# New Vertigo vs Infinito questions?



## Tspeters

I just recently got into cycling for fitness and fun and now looking to upgrade from my Jamis hybrid up to a Bianchi road bike. I try to commute 2 - 3 days to work (14 miles round trip) and have been increasing my weekend rides from 15 to 25- 30 miles. I am working up to longer rides and find the hybrid OK but looking for more speed and better handling. I test rode the Via Nirone and Infinto recently and really like the Infinto carbon over the AL Nirone. I don't have any intentions of racing and like the relaxed geometry of the Infinito. So here's my questions. I am aware that Bianchi is coming out with the new Vertigo this year. There isn't much info out there on the Vertigo which I understand is a cheaper carbon and mybe a little heaver but maybe the Bianchi crowd here can help me with the decision process when I test ride the Infinto vs Vertigo. 

The Infinto 105 is $2800 
Fork - full carbon w/ Kevlar inserts
Wheels - Fulcrum 7
Crank set- FSA Gossamer
Stem -FSA carbon
Bars - FSA wing compact
Seat post - FSA SL-K


Vertigo 105 is $2000
Fork- alum/ carbon
wheels -Maddux RX 5.1
Crank- Shimono RFC 565
Stem- Reparto alu
Bars- Reparto alu
Seat post - Reparto al

Is the Infinto worth the extra $800 in upgrades. Can a newbie feel the difference in performance? I've out grown the hybrid after several hundred miles and have the classic obsession to upgrade my equipment so will I regret not going full bore right to the Infinito? Lets throw in another variable. The Vertigo Veloce is priced at $2400. Any thoughts on the carbon frame difference? What should I look out for when test riding or consider for long term ownership?

Thanks,
Tom


----------



## BrianVarick

If you have only done a few hundred miles, I would wait for a while before making a big decision like this. You might develop a better idea about what you are looking for.


----------



## Tspeters

Thanks Brian...thought of that but my question isn't whether I should get a road bike or which type of road bike. I wanted a good high-end road bilke from the start but chose a good entry level hybrid initially for several reasons; 1.) I wanted to make sure I would enjoy biking over the running I was doing for my cardio workouts. 2.) I wanted an upright comfortable bike to use for family rides with my wife and kids on local paved trails and versatile enough for commuting. 3.) I have a reoccurring tendinitis in my wrist that I wanted to try out different handle bar set ups. My Jamis answered all those questions so now I feel comfortable moving up to a higher end road bike. So the questions are now more about how much to spend on the important parts of the road bike purchase. Fit, feel, quality of the components. After a certain price point what is really just an indulgence vs. a must have in the purchase.


----------



## kbwh

The bars on the two bikes most probably have the same shape.
The wheels on the Infinito is better than those on the Vertigo.
Their geometries are the same except for size 55 where the Infinito is marginally more agressive.
The head tube is longer on the Infinito is longer across all sizes, but that doesn't really matter.
You cannot fit fatter tires than 25 mm on an Infinito. I do not know if you can get true 27-28 mm tires onto the Vertigo. You can on the Al Impulso, and that could be a point worth considering.


----------



## Tspeters

kbwh said:


> You cannot fit fatter tires than 25 mm on an Infinito. I do not know if you can get true 27-28 mm tires onto the Vertigo. You can on the Al Impulso, and that could be a point worth considering.

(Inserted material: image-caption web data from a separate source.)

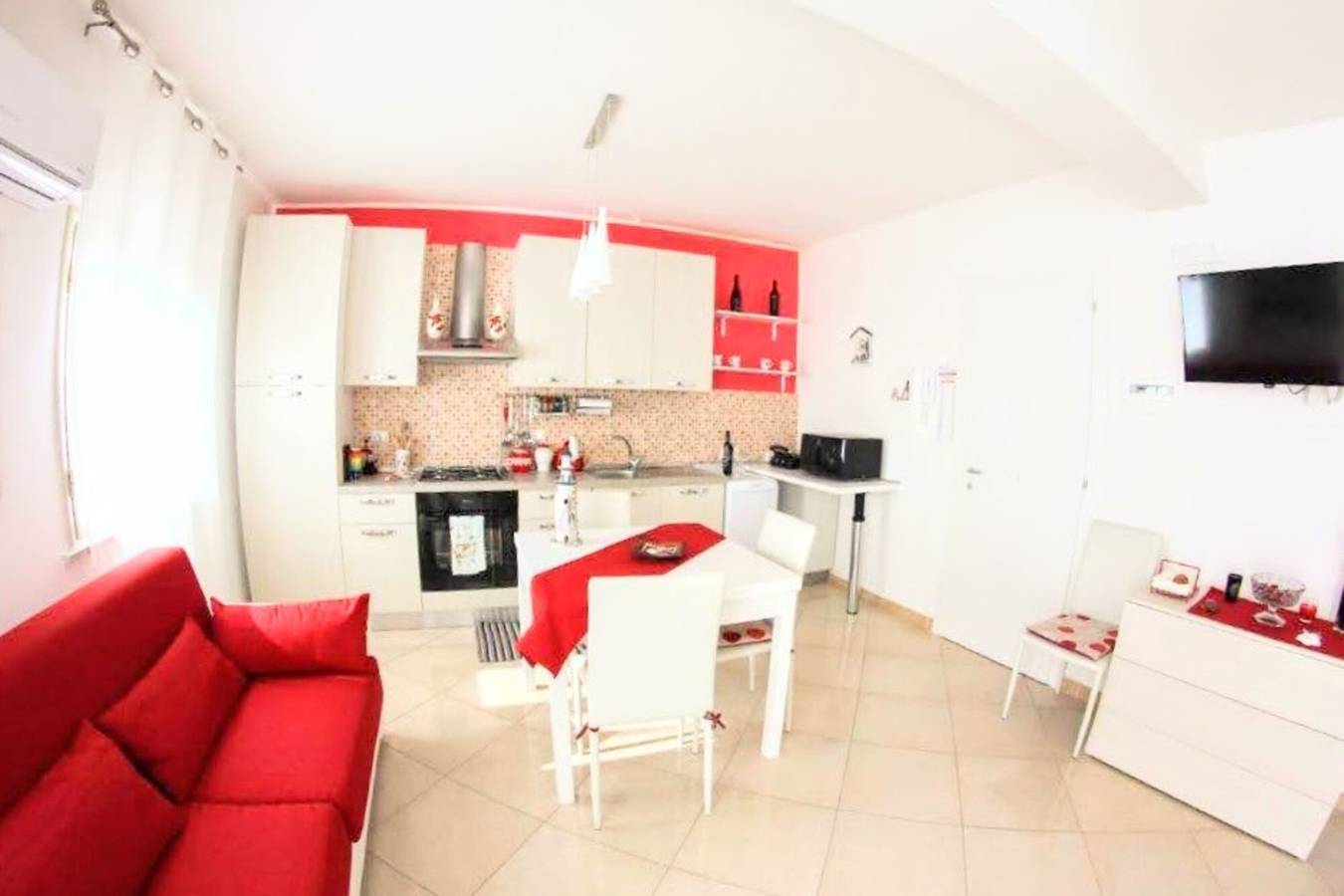 Appartement entier, Appartement 'Corallo - Casa Vacanze' avec vue sur la mer, Wi-Fi et climatisation in Balestrate, Province de Palerme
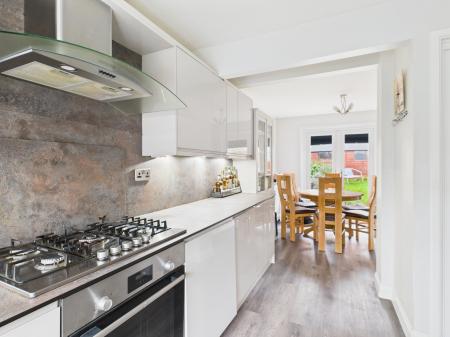 3 bedroom Terraced House for sale in Mozart Close, Basingstoke, RG22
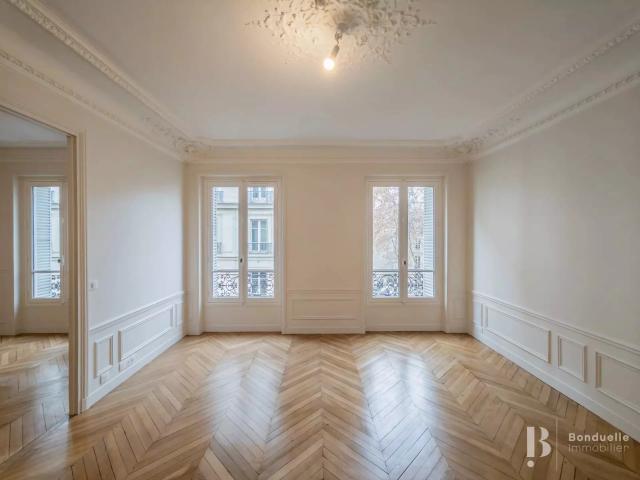 Location Appartement Rue Pierre Demours, Paris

What would be the advantage of wider tires for a road bike of the Infinito caliber? I am interested in the Infinito for long rides,speed and handling. My Jamis which I plan to keep for commuting in bad weather and trail rides with the family has 700X 28 tires now. They serve their purpose of compromise between comfort and speed. Do you find the 23's to be too punishing or flat tire prone? The Via Nirone and Infinito I test rode both had the 700X 23 tires and felt fine as expected were faster and more responsive.

I am interested in test riding the Impulso for comparison but the LBS was sold out of the 2012s and did comment that everyone who tested the Nirone back to back with the Impulso ended up getting the Impulso.


----------



## kbwh

Tire width is a function of rider weight and you chosen terrain.
It is established now that for a given pressure a 25mm tire will roll better than a 23mm. It is also more pinch flat resistant.
23-25mm is normally enough, but clydes should in my opinion be on 28mm tires, also on normal roads.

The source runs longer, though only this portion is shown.